Luz Noceda is the main protagonist of the Disney Channel animated series The Owl House, created by Dana Terrace. She is voiced by Sarah-Nicole Robles. Luz is confirmed to be bisexual by Terrace, some calling her the "first bisexual lead character" on a Disney Channel show.  In April 2021, the show's creator also revealed that Luz Noceda is neurodivergent.

Luz's character has been compared to Anne Boonchuy from Matt Braly's Amphibia, another Disney Channel animated series, this is mainly due to their similar premise and tone. She has been well-received by both critics and fans of the show, who praised her character and Robles' performance.

Creation 
According to series creator Dana Terrace, Luz is named after her Dominican-American roommate, Luz Batista, a story artist and consultant for the show. Terrace also said that Luz's character evolved from conversations she had with Luz Batista, who later became her best friend. Later, Nancy Kanter, EVP, Content and Creative Strategy of Disney Channels Worldwide explained that while they loved the "combination of magic and mystery in this other world" of The Owl House, they really "fell in love with the main character Luz," leading them to green-light the show itself. This connected with Terrace's hope that audiences are "entertained by Luz’s world and her off-the-wall adventures."

LGBTQ+ representation and impact 
On July 7, 2020, when responding to a fan who posted a still of Amity putting her hands on Luz's shoulder, from a promotion for the upcoming episode "Enchanting Grom Fright" on Twitter, Terrace said that there is no heterosexual explanation for the moment.

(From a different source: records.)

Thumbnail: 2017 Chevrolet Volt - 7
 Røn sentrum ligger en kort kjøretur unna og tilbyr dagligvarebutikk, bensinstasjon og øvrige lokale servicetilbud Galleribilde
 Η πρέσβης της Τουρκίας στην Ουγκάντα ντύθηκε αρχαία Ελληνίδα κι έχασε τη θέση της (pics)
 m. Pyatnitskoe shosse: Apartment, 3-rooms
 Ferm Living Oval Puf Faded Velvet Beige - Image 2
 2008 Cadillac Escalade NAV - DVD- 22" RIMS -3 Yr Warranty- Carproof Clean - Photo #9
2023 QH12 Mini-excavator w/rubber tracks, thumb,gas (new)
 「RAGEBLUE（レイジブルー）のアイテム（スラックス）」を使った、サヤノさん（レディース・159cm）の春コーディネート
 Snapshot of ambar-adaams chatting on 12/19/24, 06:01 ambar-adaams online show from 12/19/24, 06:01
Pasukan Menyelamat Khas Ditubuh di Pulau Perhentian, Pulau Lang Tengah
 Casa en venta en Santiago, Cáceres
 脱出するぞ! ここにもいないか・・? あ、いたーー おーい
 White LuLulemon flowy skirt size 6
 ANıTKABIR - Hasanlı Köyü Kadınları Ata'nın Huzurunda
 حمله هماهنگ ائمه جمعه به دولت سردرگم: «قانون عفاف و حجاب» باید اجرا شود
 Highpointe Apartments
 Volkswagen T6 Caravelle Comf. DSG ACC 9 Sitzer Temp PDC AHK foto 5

Later, on August 10, Terrace confirmed on Twitter that the episode features a bisexual character, but didn't confirm whether this was Amity, Luz, or both, but many fans assumed this referred to Luz. On September 2, during a Reddit AMA, Dana Terrace confirmed that Amity is intended to be a lesbian and that Luz is bisexual. She also stated that the relationship between Amity and Luz would be explored in Season 2 and that Luz is "oblivious to some things in front of her," including Amity's crush on her. In the same AMA, Terrace stated that Luz was Amity's first crush and that she was thrilled to see people connect to the show's characters, like Luz and Amity.

Character 

Luz Noceda is a 15-year-old Afro-Dominican-American girl from the fictional town of Gravesfield, Connecticut. She has brown skin, short dark brown hair, brown eyes, and typically wears a cat-ear hooded indigo-and-white t-shirt, denim shorts, black leggings, and white shoes.

Luz is very quirky, outgoing, and unpredictable. She is a fan of the novel series The Good Witch Azura. She loves fantasy to the point of being detached from reality and has a hard time making friends. However, she still does have a heart and good intentions. In the first episode of the series her mother sends her to a reality-check camp, but she accidentally ends up going to the Boiling Isles instead through a portal in a nearby house. Due to her love of all things fantasy and magical, she wants to become a witch. She soon befriends an old witch named Eda and a small wolf-like demon named King. Later, Luz enrolls in Hexside Academy as an exchange student.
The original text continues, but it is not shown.